Task details: Look in the data below for the line that contains "Bauble Candy Apple Sand Gold". Copy that line and the remaining lines exactly.
—————
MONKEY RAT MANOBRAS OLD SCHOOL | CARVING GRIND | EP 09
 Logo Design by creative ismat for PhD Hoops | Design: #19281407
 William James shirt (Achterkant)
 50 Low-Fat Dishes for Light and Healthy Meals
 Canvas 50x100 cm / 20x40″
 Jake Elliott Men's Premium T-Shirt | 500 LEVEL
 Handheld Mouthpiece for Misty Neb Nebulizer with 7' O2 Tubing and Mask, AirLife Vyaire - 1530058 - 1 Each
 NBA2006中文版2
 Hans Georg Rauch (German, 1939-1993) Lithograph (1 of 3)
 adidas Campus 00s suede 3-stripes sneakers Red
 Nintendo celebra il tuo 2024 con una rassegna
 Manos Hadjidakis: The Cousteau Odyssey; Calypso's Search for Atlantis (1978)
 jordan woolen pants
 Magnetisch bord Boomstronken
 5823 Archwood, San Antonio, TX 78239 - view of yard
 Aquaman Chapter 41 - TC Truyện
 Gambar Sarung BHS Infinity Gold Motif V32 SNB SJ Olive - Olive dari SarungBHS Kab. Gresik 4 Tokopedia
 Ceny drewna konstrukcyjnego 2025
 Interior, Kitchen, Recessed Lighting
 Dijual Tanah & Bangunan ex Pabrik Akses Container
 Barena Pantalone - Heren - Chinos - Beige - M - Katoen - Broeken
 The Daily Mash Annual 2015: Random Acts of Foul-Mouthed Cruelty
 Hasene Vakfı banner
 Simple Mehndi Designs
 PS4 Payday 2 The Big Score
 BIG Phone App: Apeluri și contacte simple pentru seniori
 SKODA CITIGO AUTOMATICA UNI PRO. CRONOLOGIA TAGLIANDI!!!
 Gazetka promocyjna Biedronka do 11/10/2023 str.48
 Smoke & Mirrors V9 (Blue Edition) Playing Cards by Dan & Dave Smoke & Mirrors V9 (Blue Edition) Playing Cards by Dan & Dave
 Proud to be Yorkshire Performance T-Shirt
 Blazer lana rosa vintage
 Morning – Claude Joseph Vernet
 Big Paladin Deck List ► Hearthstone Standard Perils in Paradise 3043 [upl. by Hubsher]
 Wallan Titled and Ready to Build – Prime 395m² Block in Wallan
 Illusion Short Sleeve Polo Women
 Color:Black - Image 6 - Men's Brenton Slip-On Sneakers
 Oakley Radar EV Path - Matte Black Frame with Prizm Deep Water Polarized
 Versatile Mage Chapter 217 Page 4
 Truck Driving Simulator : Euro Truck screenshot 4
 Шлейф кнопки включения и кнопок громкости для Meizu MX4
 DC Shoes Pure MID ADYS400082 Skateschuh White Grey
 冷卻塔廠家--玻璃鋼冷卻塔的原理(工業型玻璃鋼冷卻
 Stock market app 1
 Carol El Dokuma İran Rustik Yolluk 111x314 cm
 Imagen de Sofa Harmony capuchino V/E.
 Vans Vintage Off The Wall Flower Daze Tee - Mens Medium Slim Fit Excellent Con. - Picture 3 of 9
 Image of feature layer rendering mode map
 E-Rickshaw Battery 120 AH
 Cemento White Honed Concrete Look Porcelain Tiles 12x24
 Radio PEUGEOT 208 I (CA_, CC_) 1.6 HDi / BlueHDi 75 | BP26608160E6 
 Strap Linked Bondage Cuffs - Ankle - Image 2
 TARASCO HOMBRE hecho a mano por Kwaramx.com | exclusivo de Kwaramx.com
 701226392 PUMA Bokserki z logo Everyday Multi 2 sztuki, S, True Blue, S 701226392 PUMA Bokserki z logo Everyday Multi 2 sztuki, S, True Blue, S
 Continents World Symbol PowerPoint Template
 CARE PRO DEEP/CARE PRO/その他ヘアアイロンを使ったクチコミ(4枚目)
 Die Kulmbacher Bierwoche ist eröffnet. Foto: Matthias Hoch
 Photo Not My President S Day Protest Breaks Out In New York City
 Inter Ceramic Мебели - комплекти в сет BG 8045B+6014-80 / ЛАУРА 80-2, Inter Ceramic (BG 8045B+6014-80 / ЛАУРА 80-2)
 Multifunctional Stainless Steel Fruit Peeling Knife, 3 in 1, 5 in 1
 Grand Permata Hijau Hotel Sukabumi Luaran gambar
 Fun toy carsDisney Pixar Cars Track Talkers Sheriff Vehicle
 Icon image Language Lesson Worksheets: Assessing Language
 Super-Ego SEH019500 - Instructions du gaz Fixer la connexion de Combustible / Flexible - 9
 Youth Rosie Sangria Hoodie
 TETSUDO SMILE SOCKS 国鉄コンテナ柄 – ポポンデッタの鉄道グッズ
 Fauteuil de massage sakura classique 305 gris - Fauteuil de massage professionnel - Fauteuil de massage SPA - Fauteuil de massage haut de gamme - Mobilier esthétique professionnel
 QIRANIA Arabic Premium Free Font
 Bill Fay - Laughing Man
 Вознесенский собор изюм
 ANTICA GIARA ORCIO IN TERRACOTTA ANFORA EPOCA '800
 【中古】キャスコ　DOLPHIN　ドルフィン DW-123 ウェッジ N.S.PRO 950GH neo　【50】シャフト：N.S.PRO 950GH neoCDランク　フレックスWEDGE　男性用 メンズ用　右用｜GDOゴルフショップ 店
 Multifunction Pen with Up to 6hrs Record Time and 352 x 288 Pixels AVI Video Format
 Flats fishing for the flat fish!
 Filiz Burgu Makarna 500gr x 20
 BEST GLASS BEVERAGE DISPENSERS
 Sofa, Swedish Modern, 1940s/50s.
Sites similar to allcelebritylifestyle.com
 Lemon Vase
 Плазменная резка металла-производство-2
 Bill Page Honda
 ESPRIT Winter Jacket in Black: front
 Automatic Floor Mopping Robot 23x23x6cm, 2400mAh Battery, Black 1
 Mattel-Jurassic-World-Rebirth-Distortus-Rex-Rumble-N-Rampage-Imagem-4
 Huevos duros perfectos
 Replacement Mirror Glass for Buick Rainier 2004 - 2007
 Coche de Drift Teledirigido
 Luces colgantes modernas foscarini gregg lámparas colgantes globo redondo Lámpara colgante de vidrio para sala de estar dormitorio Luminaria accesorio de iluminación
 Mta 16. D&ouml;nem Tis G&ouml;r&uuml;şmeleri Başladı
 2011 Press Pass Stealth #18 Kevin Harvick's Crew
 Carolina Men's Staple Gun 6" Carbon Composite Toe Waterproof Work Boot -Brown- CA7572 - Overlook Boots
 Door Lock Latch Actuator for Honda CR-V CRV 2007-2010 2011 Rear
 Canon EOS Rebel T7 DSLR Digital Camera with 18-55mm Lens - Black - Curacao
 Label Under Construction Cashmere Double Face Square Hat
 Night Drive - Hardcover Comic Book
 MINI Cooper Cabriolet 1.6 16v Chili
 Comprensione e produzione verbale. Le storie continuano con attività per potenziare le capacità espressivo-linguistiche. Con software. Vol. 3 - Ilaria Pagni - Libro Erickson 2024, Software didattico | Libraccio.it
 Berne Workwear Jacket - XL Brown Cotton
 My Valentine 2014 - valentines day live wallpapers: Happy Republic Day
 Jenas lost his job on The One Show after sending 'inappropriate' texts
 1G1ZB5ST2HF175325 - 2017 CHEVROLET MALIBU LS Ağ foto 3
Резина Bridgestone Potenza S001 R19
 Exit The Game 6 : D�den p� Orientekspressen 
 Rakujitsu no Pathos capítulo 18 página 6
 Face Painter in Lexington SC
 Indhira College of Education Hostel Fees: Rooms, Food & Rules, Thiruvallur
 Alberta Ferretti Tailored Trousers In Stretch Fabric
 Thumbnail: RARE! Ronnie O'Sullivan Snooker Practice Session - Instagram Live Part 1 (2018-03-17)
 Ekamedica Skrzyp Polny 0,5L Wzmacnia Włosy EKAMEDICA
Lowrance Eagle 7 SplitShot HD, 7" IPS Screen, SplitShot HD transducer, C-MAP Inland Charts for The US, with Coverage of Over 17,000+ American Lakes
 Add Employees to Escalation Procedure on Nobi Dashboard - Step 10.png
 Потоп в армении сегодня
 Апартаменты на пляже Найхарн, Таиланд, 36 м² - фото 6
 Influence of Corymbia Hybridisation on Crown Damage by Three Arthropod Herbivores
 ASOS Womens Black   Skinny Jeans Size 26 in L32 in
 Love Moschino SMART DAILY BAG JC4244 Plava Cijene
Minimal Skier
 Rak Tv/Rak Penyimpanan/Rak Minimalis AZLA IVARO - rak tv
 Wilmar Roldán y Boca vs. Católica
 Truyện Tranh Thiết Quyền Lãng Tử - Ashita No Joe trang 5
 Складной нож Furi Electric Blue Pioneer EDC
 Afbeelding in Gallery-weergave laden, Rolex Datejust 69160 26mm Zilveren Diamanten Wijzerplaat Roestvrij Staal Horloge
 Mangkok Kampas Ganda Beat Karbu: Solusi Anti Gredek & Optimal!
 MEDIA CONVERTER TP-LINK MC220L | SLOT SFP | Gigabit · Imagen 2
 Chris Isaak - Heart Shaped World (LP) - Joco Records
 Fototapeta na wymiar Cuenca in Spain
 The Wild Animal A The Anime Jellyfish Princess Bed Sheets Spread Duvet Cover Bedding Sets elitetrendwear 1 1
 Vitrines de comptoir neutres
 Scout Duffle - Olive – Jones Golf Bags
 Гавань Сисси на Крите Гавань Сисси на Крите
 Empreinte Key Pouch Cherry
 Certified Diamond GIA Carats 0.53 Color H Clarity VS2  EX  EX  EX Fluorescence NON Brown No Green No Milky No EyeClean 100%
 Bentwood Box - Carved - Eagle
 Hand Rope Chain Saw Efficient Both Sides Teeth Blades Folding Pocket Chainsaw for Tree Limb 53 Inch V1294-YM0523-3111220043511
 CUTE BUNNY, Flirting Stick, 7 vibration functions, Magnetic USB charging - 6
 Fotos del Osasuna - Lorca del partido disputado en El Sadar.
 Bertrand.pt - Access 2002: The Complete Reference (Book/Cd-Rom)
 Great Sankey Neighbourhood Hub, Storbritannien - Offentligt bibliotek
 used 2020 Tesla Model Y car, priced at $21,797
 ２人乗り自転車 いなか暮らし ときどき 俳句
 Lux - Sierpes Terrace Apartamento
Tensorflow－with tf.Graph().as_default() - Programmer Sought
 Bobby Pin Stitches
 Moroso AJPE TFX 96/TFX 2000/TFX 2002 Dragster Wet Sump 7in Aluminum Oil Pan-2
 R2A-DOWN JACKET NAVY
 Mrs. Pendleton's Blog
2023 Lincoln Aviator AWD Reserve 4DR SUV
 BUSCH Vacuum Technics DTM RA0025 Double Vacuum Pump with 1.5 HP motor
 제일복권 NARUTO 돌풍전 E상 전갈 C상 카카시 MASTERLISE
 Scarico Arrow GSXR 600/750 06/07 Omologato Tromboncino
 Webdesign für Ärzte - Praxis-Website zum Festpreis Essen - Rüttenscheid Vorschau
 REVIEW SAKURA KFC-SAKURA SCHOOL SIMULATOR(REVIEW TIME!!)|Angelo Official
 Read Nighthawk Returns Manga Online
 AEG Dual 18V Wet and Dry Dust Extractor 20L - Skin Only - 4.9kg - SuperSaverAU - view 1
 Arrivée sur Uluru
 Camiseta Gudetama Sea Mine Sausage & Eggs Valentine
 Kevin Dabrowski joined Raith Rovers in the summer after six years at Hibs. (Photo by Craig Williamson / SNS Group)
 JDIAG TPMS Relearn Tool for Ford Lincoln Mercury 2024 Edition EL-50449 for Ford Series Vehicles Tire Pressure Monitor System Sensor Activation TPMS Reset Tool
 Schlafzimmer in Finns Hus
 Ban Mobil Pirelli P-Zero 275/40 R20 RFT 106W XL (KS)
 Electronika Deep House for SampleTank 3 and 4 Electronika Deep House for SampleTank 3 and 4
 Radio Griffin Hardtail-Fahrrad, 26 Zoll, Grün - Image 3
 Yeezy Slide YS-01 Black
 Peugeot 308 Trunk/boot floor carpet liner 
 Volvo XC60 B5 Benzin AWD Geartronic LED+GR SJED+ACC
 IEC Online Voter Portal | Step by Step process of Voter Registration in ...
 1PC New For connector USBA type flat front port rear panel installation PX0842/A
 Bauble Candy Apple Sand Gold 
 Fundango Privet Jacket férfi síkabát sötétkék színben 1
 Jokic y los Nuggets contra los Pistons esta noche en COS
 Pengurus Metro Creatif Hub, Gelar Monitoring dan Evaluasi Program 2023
—————
Output for this exercise:
 Bauble Candy Apple Sand Gold 
 Fundango Privet Jacket férfi síkabát sötétkék színben 1
 Jokic y los Nuggets contra los Pistons esta noche en COS
 Pengurus Metro Creatif Hub, Gelar Monitoring dan Evaluasi Program 2023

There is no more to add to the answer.